Captioned web images -

========================================

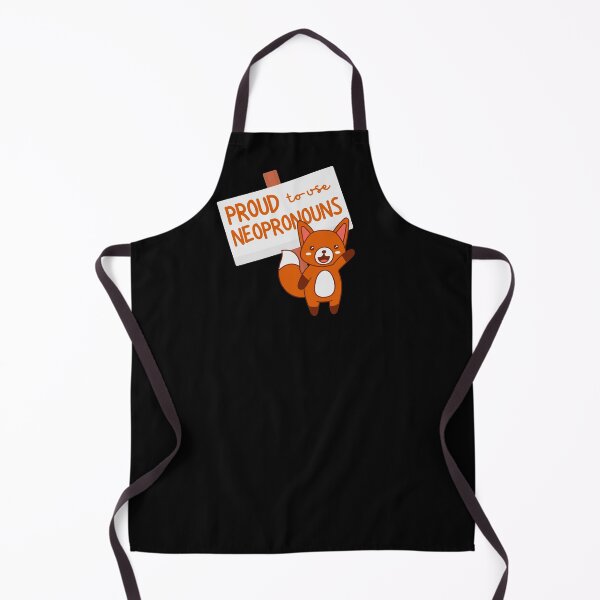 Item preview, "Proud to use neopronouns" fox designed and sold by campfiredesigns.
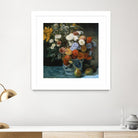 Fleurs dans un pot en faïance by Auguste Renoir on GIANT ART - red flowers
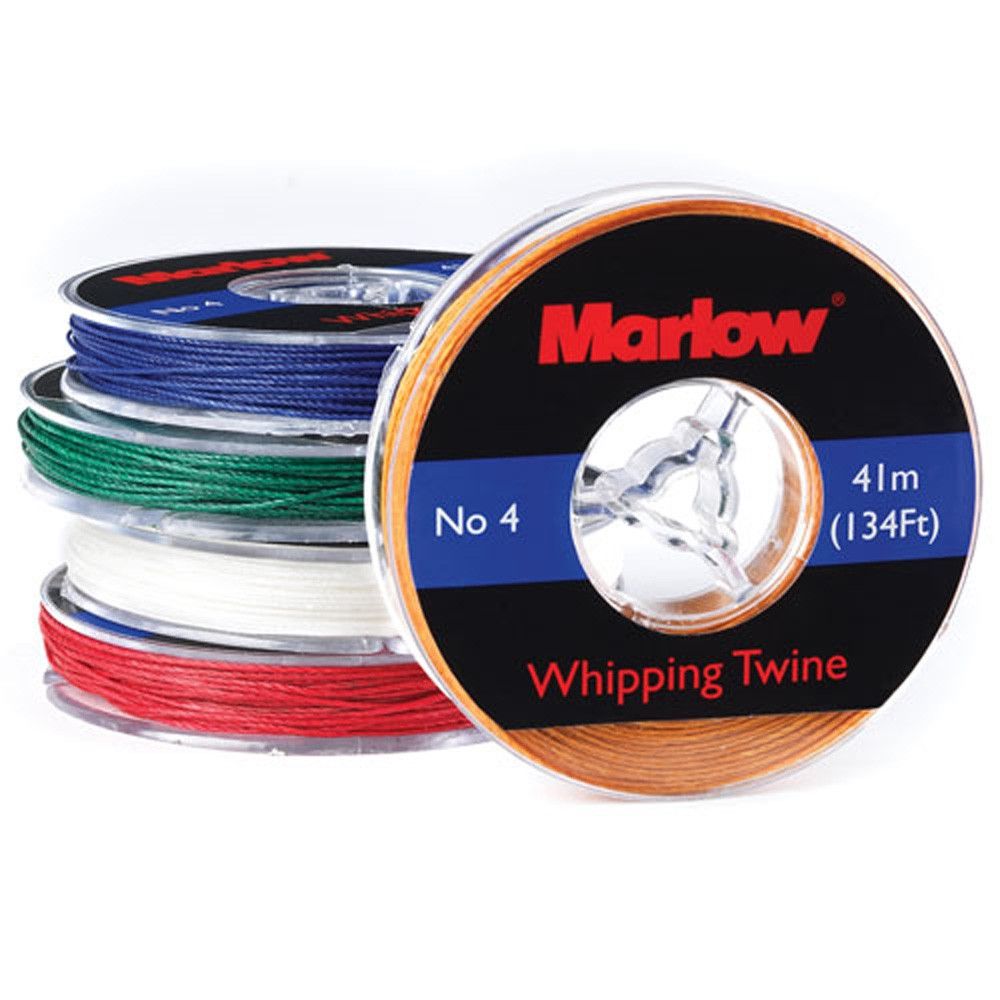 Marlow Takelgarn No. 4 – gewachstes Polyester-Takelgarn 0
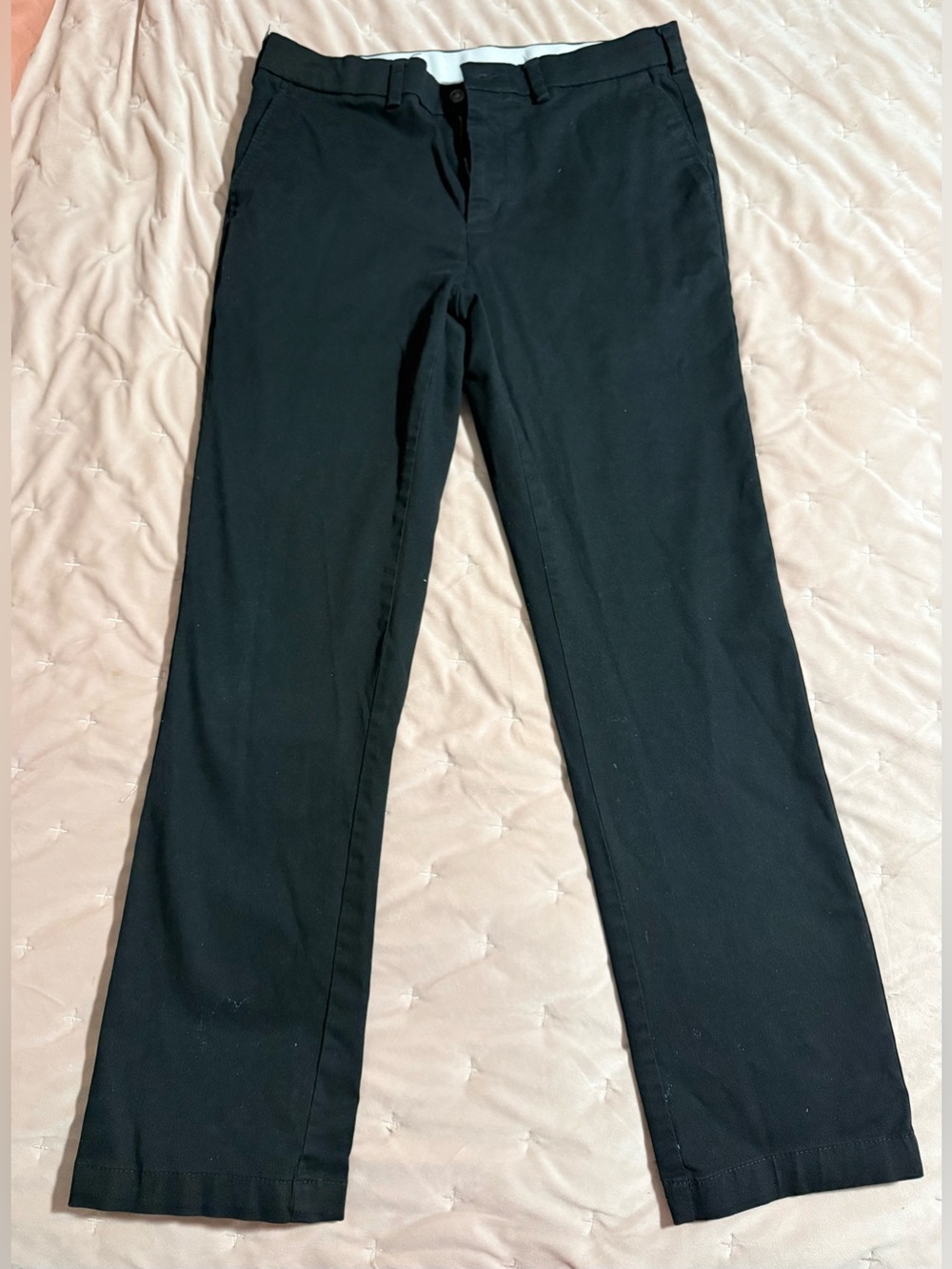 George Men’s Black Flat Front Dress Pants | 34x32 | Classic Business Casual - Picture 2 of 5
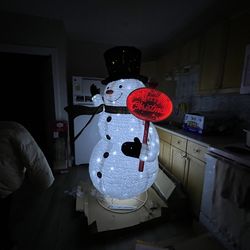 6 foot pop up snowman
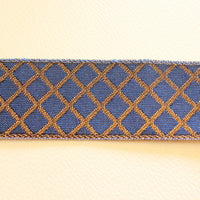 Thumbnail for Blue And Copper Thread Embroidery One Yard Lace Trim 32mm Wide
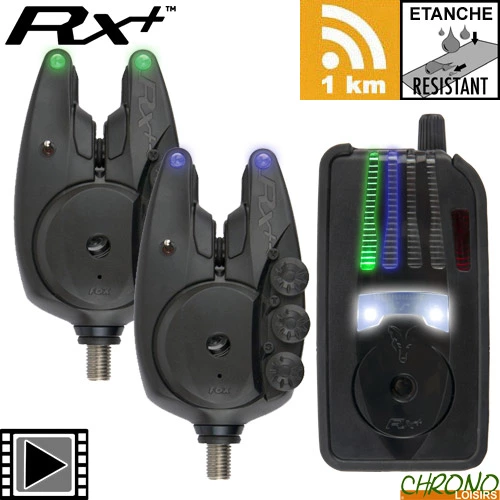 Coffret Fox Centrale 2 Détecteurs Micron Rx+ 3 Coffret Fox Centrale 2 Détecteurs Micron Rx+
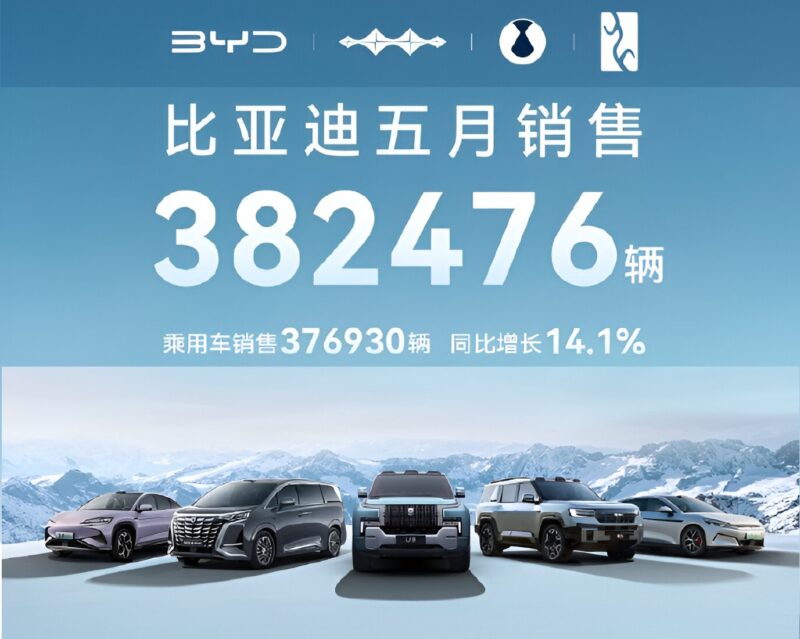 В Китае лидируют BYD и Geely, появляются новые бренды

========================================

Copy the final stretch of the entries exactly: the line containing "6 foot pop up snowman" and every line after it through the last. Include no pictures and nothing more.

 6 foot pop up snowman
 Thumbnail for Blue And Copper Thread Embroidery One Yard Lace Trim 32mm Wide
 Coffret Fox Centrale 2 Détecteurs Micron Rx+ 3 Coffret Fox Centrale 2 Détecteurs Micron Rx+
 В Китае лидируют BYD и Geely, появляются новые бренды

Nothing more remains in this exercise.